------ AVAILABLE RECORDS

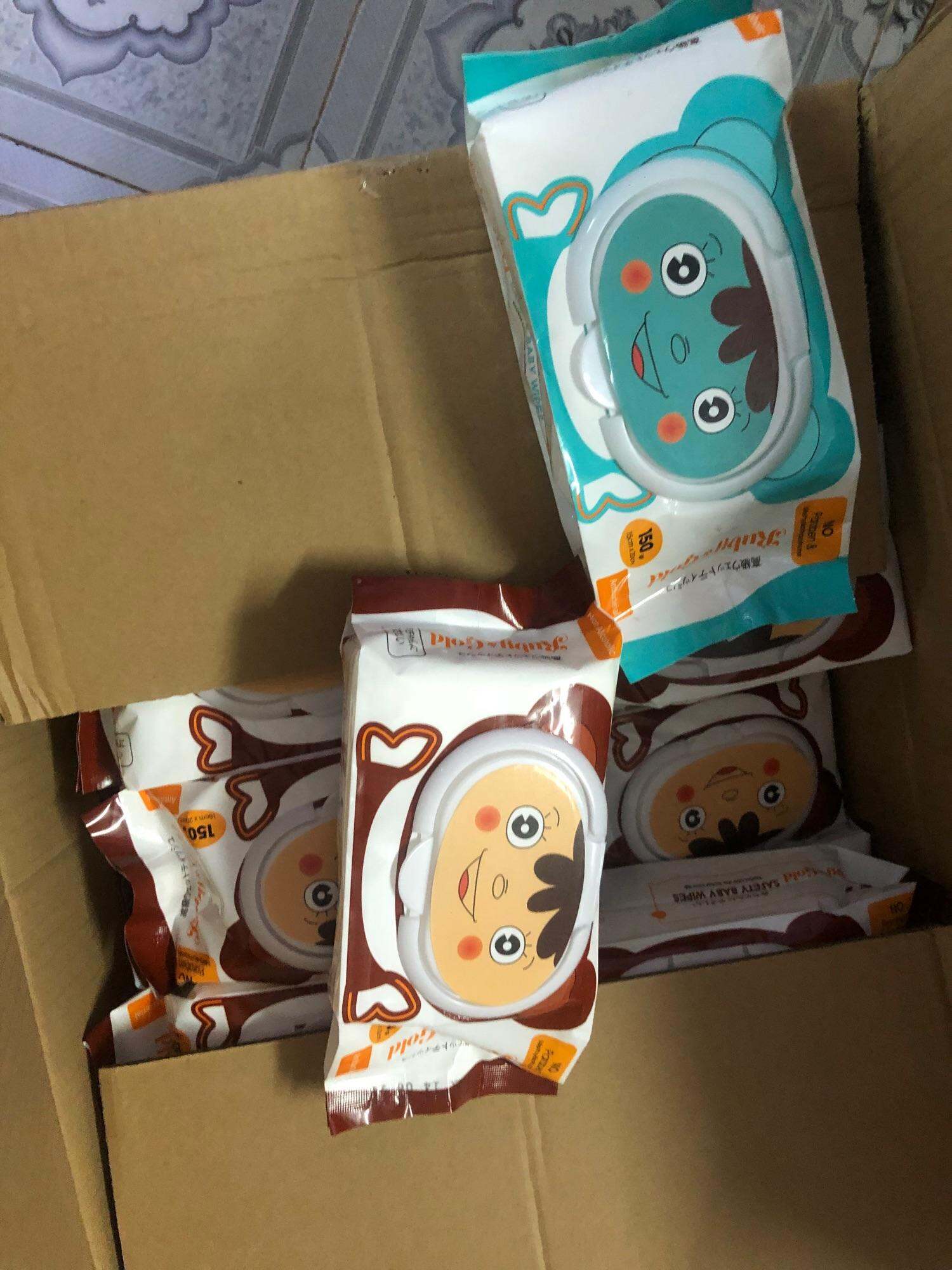 Khăn giấy ướt Ruby & Gold 125gram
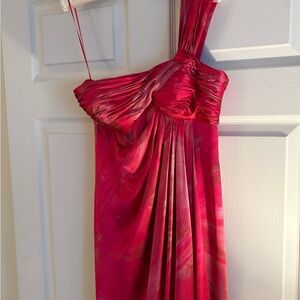 Elegant Pink One-Shoulder Evening gown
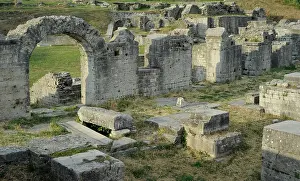 Ancient Roman Amphitheater Drucke: Partial view of the amphitheater ruins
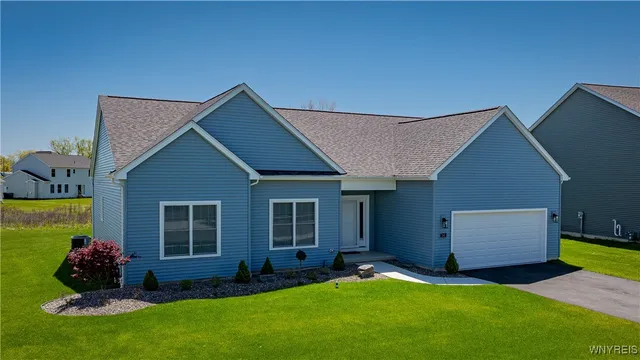 $613,900 | 4 Fieldstream Lane, Lancaster, NY 14086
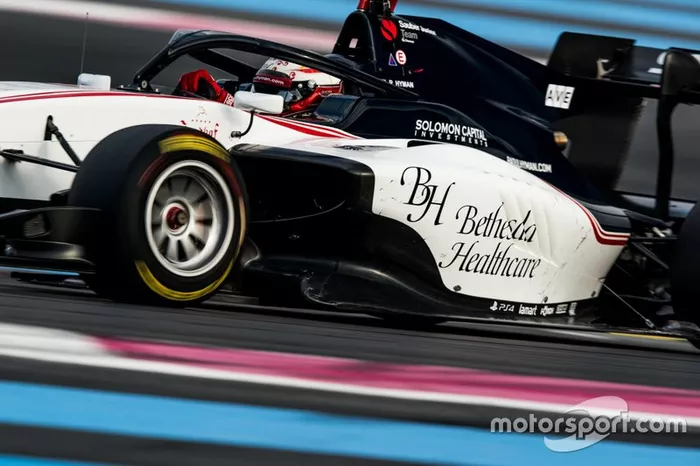 #9 Raoul Hyman (Sauber Junior Team by Charouz)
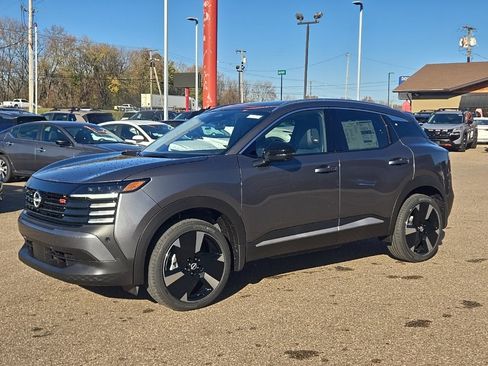 New 2026 Nissan Kicks SR image 3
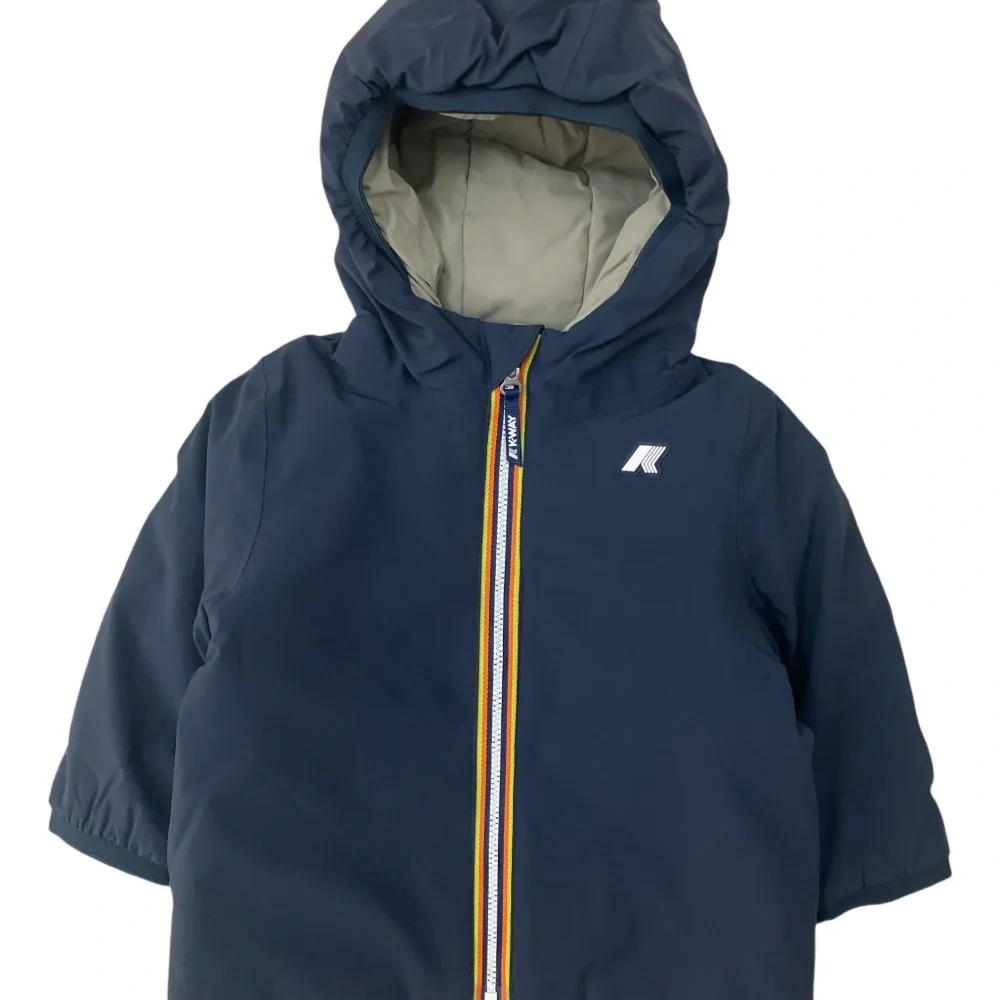 Стёганая куртка с капюшоном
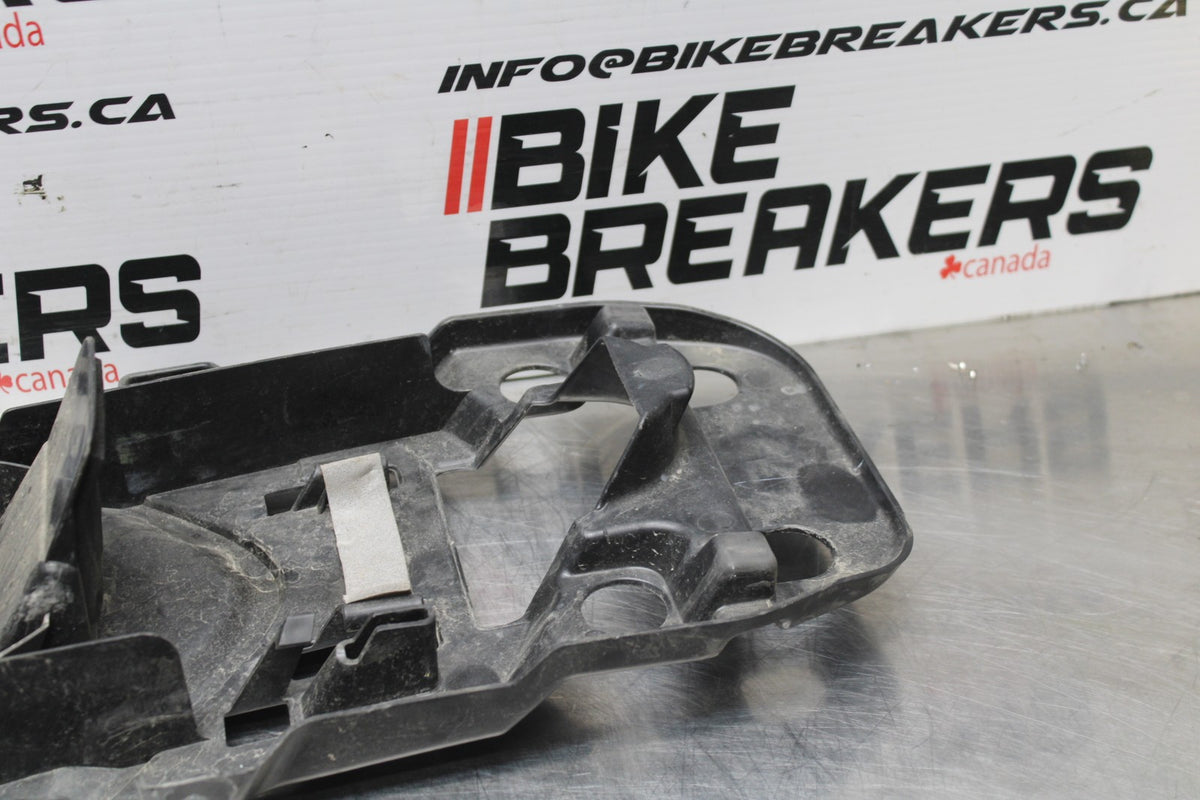 08-10 SUZUKI GSXR 600 REAR BACK TAIL UNDERTAIL BATTERY TRAY PLASTIC BB835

------------

- ASSIGNMENT -
Skipping any pictures, copy the entries exactly as they appear.

- ANSWER TO THE PROBLEM -
 Khăn giấy ướt Ruby & Gold 125gram
 Elegant Pink One-Shoulder Evening gown
 Ancient Roman Amphitheater Drucke: Partial view of the amphitheater ruins
 $613,900 | 4 Fieldstream Lane, Lancaster, NY 14086
 #9 Raoul Hyman (Sauber Junior Team by Charouz)
 New 2026 Nissan Kicks SR image 3
 Стёганая куртка с капюшоном
 08-10 SUZUKI GSXR 600 REAR BACK TAIL UNDERTAIL BATTERY TRAY PLASTIC BB835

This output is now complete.